Decided on October 25, 2004
SUPREME COURT OF THE STATE OF NEW YORK
APPELLATE TERM: 2nd and 11th JUDICIAL DISTRICTS
PRESENT: ARONIN, J.P., PATTERSON and GOLIA, JJ.
2003-1718 Q C

FARZANA AHMED, Respondent,

against

MOHAMMED A. KHAN, Appellant.

Appeal by defendant from an order of the Civil Court, Queens County (V. Brathwaite, J.), entered October 2, 2003, which denied his motion for summary judgment.


Order unanimously affirmed without costs.

The medical evidence submitted by defendant in support of his motion for summary judgment made out a prima facie showing that the plaintiff did not sustain a serious injury within the meaning of Insurance Law § 5102 (d). One of defendant's medical experts stated that plaintiff had a resolved cervical and lumbar strain/sprain. The defendant's other medical expert stated that plaintiff had full range of motion of her cervical spine. The burden, therefore, shifted to the plaintiff to raise a triable issue of fact that she sustained a serious injury (see Gaddy v Eyler, 79 NY2d 955 [1992]).

The plaintiff successfully opposed the motion by presenting evidence that she suffered a serious injury. She submitted an affirmation from her treating physician who presented a qualitative assessment of plaintiff's condition which had an objective basis and compared the plaintiff's limitations of motion of her cervical spine to normal function (see Toure v Avis Rent A Car Sys., 98 NY2d 345, 350 [2002]).
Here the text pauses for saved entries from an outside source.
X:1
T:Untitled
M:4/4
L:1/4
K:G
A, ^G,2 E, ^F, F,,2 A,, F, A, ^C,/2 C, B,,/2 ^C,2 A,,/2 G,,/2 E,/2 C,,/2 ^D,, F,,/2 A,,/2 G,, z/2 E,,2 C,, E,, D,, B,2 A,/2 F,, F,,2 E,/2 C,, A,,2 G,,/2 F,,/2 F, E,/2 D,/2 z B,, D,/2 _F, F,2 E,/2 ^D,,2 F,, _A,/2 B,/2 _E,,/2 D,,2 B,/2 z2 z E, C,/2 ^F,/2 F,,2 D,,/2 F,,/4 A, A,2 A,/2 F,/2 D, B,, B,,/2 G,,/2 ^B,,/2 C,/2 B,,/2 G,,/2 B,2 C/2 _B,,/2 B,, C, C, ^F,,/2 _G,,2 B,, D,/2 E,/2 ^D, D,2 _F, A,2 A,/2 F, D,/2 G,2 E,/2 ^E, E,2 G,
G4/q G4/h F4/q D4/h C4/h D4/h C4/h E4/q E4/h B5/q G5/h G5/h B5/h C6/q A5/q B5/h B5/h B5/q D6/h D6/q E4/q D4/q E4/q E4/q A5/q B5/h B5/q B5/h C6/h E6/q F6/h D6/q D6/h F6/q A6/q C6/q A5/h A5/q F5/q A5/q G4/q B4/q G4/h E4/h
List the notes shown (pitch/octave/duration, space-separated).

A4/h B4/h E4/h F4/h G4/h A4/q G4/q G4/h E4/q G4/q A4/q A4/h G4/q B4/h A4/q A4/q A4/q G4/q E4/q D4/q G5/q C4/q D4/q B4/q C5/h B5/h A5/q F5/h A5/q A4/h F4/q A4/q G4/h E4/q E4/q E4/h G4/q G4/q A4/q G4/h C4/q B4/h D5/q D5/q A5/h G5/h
We note that the gap in treatment of a little more than two years does not require the granting of defendant's motion for summary judgment. There was evidence regarding the nature of her treatment for more than six months after the accident and plaintiff explained that she had to stop treatment at that point because her no-fault insurance ran out and she could not afford to pay for it herself (see Black v Robinson, 305 AD2d 438 [2003]).